#### Raw data
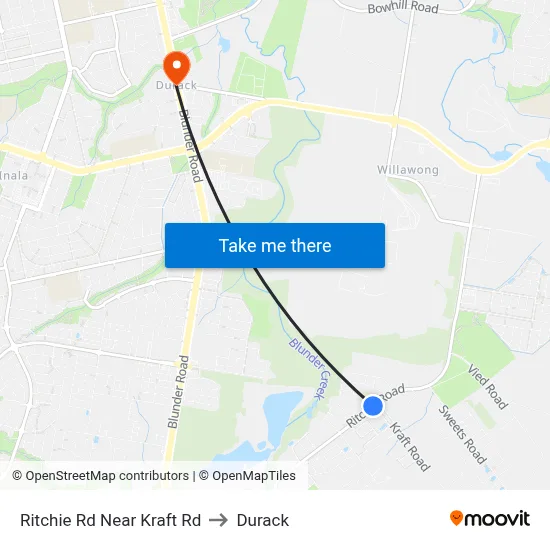 Ritchie Rd Near Kraft Rd to Durack map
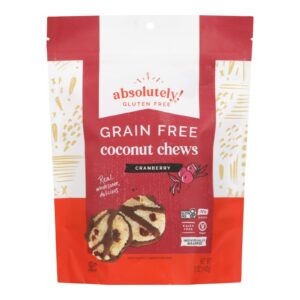 Absolutely Gluten Free Chews - Coconut - Cranberry - Gluten Free - Case Of 12 - 5 Oz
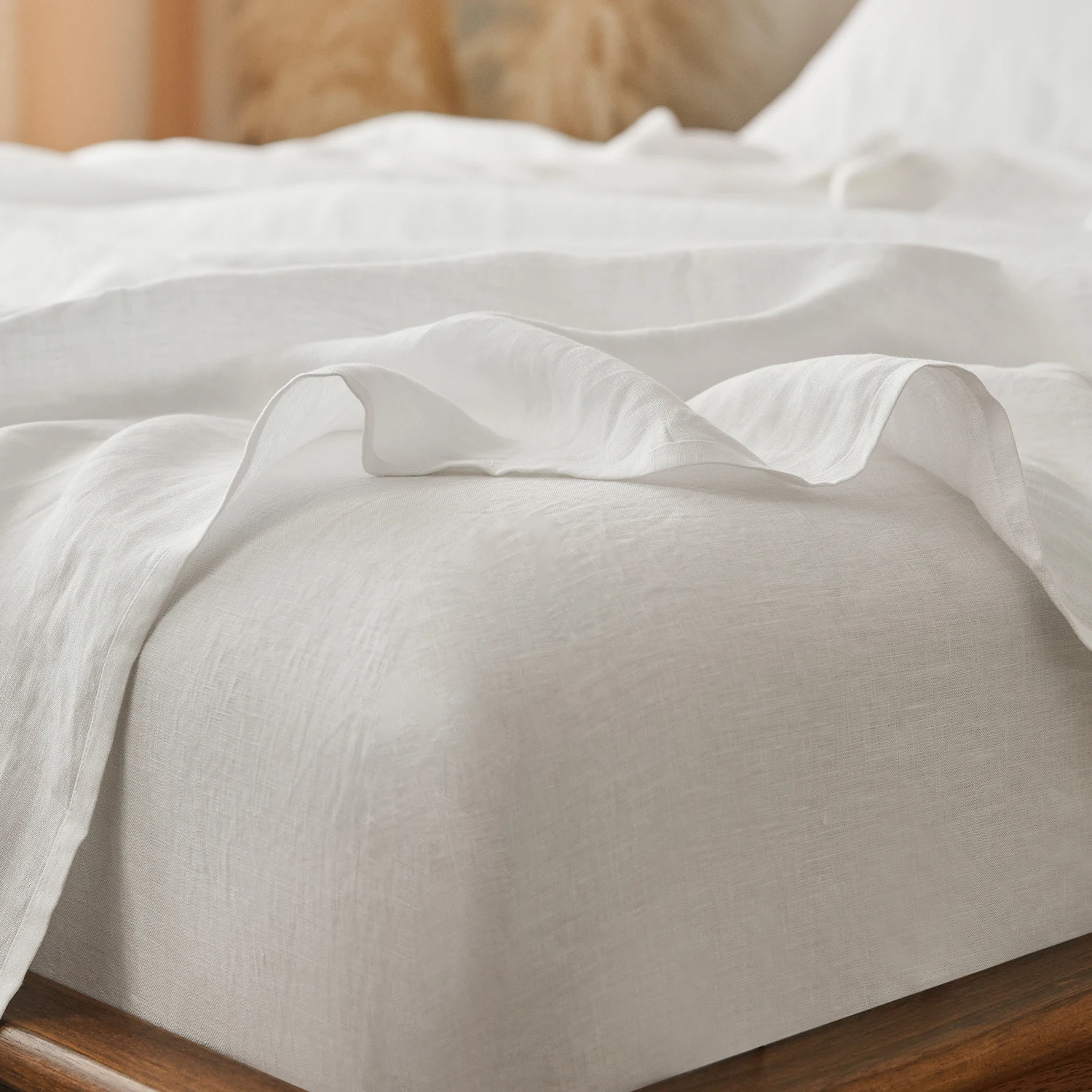 Premium Quality Wholesale french linen wholesale bedding duvet cover set bed linen set pure french linen bedding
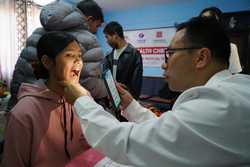 NEPALKATHMANDUCHINESE MEDICAL TEAMORPHANHEALTH CHECKUP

#### What the task requires
The listing above should be transcribed word for word, with its pictures left out.

#### Solution to this problem
 Ritchie Rd Near Kraft Rd to Durack map
 Absolutely Gluten Free Chews - Coconut - Cranberry - Gluten Free - Case Of 12 - 5 Oz
 Premium Quality Wholesale french linen wholesale bedding duvet cover set bed linen set pure french linen bedding
 NEPALKATHMANDUCHINESE MEDICAL TEAMORPHANHEALTH CHECKUP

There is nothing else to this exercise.